Once you find the line that contains "this 728×410 image.", transcribe it and each line after it through the end of the listing, exactly as written.

= Beginning of Section =

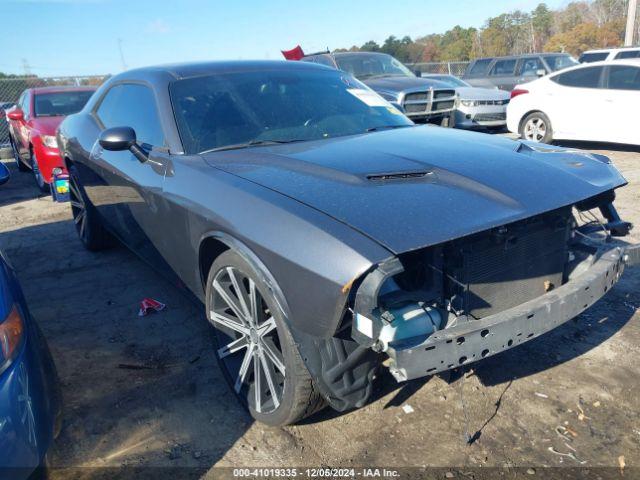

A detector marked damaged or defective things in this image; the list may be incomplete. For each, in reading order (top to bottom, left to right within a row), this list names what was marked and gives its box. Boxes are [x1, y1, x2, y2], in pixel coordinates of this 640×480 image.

damaged front end [352, 191, 636, 382]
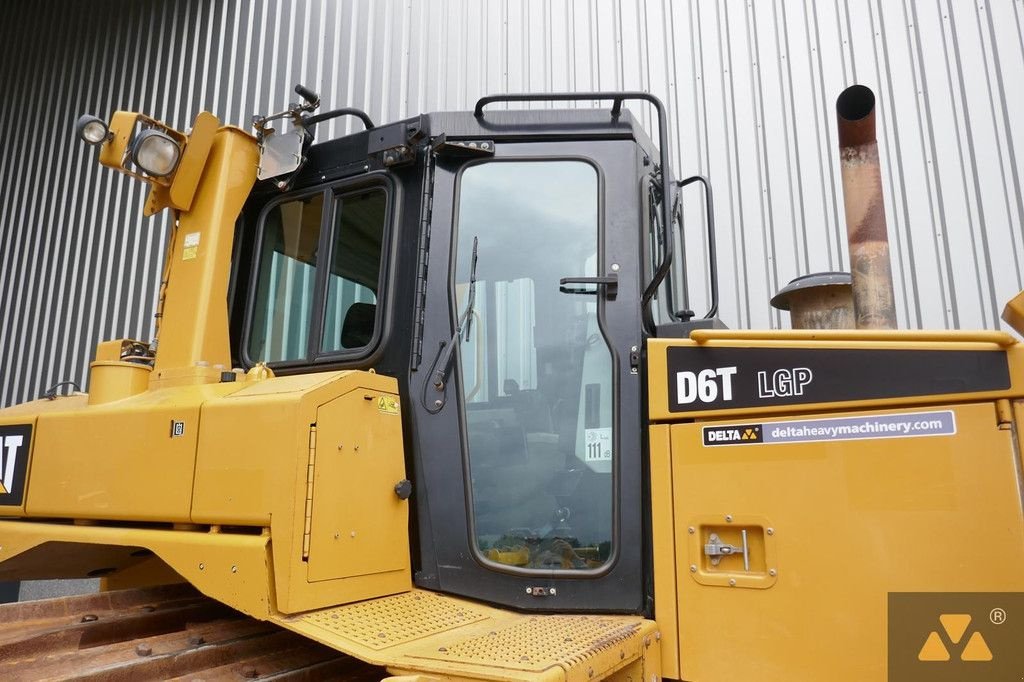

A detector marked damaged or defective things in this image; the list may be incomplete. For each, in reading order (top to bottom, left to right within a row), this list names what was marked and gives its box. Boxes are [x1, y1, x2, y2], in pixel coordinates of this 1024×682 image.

rusty pipe [840, 85, 896, 330]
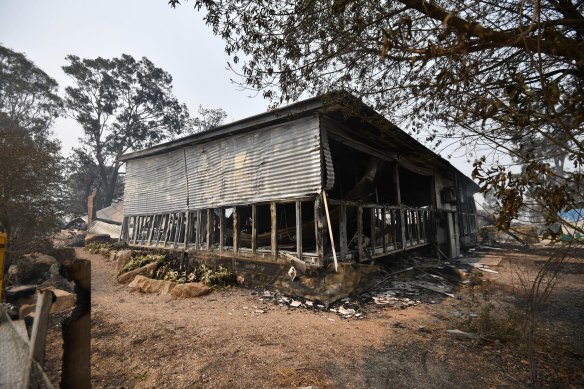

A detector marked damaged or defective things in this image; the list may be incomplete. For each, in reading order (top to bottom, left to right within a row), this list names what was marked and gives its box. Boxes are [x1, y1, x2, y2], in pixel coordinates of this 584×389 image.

burnt building shell [120, 93, 480, 272]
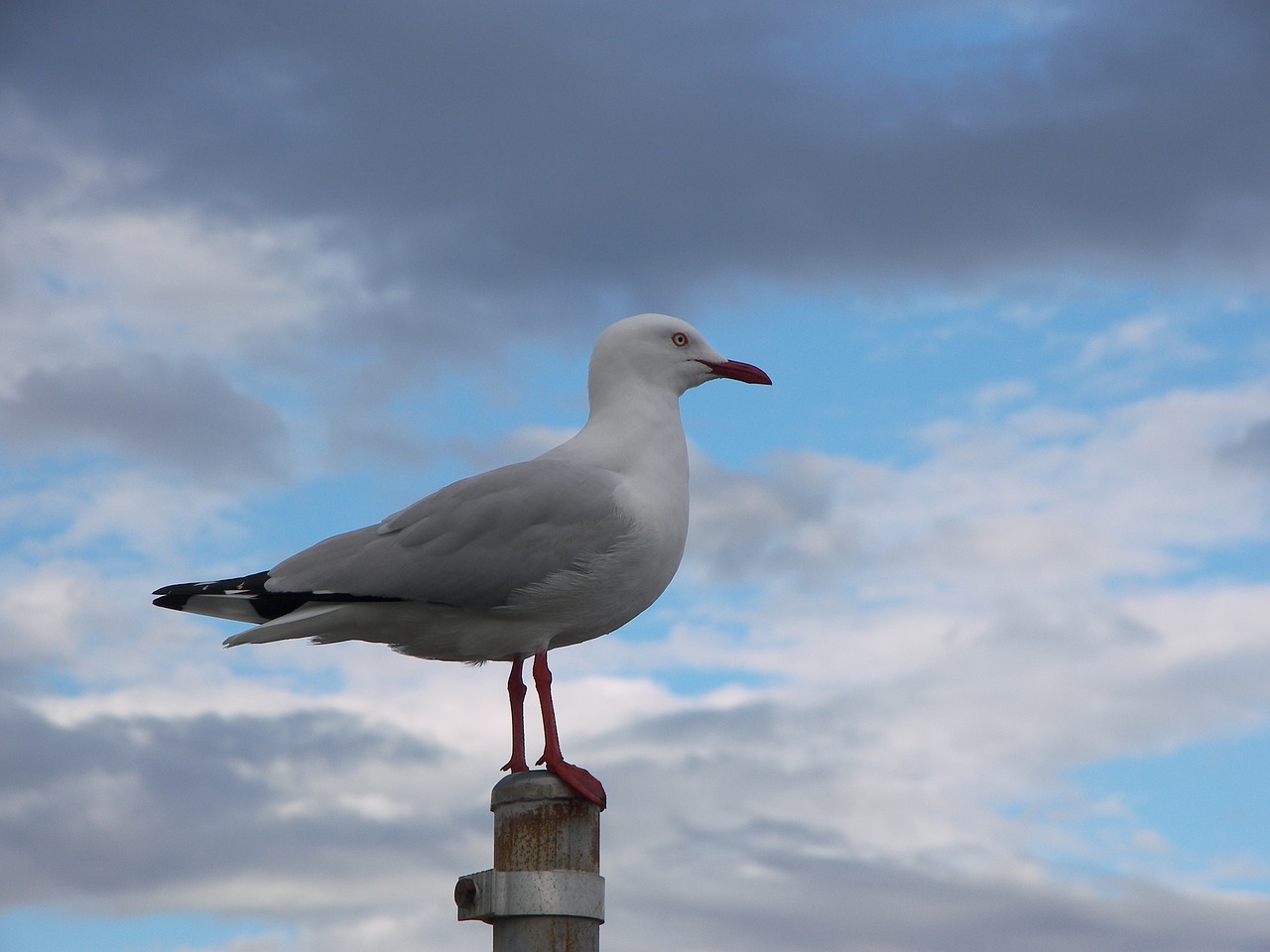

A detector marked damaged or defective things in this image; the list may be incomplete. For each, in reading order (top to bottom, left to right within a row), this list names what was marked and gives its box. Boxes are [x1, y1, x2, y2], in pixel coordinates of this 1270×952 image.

rusty metal pole [456, 776, 604, 952]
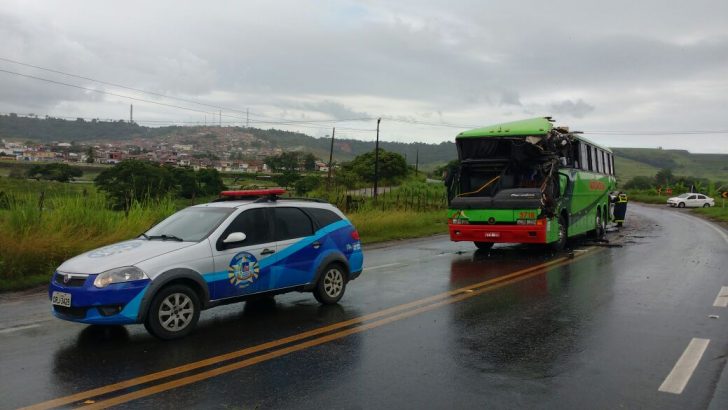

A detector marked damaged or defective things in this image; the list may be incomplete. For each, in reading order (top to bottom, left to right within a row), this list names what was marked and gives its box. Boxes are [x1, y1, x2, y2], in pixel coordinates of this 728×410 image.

damaged green bus [446, 115, 616, 250]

= End of Section =

- [Solution for this task]:
A detector marked damaged or defective things in this image; the list may be incomplete. For each, in reading order (top to bottom, left to right within a row), this list names what was marked and gives its box. Boxes are [x1, y1, x2, y2], in pixel coordinates of this 728×410 image.

damaged green bus [446, 115, 616, 250]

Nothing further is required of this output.